Photo by Chelsie Craig
The key to salmon fillets with crackly skin is to start them skin side down in a cold cast-iron pan—as the skillet heats, the skin slowly renders and crisps.
- 4 servings
- 1 (2") piece ginger, peeled, finely grated
- 2 Tbsp. white miso
- 1 Tbsp. honey
- 1 Tbsp. unseasoned rice vinegar
- 1 Tbsp. vegetable oil
- 1 Tbsp. sesame seeds
- 4 (4–6-oz.) skin-on salmon fillets
- Kosher salt
- 3 scallions, thinly sliced
- Cooked rice, for serving
- Whisk ginger, miso, honey, vinegar, oil, and 1 Tbsp. water in a small bowl to combine; set sauce aside.
- Heat a dry small skillet over medium. Toast sesame seeds, tossing, until golden and slightly fragrant, about 2 minutes. Transfer to a small bowl; let cool.
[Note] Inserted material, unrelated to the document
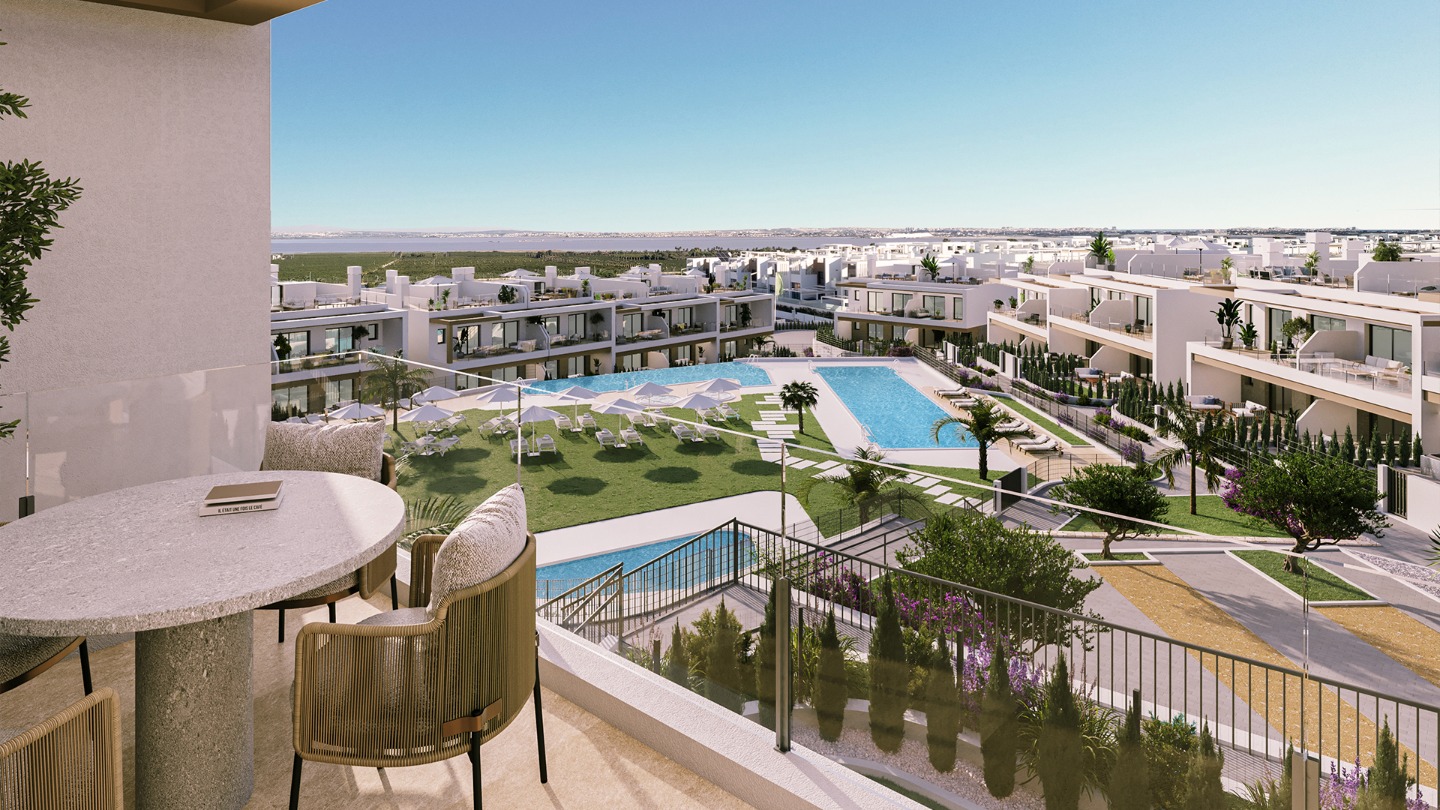 2 Bed, 2 Bath, ApartmentFor Sale, Torrevieja, Costa Blanca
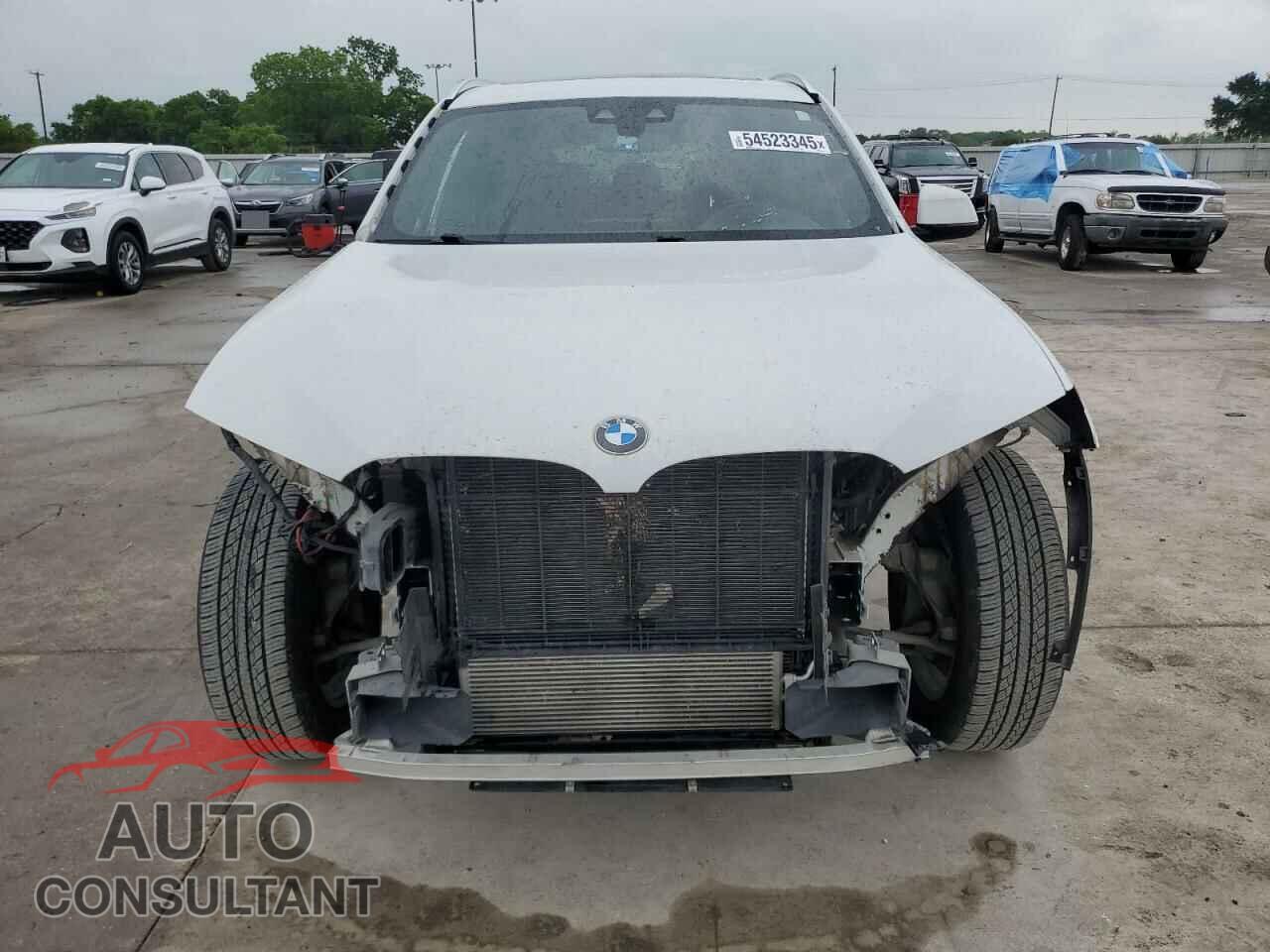BMW X3 2020 - 5UXTY3C00LLU72574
- Lightly season salmon all over with salt. Place skin side down in an unheated cast-iron skillet. Set skillet over medium heat and cook, undisturbed, 5 minutes. Press down lightly on salmon with a fish spatula to ensure all of the skin is making contact with the pan and continue to cook until flesh is opaque most of the way through (the top will still be translucent) and skin is crisp, about 5 minutes longer.
- Using spatula, gently turn fillets over, then remove pan from heat. Continue to cook fish in residual heat left in pan until just barely cooked through, 1–3 minutes more, depending on thickness.
- Spoon reserved sauce onto plates. Scoop some rice on top and set fillets, skin side up, on rice. Scatter scallions over and sprinkle with toasted sesame seeds.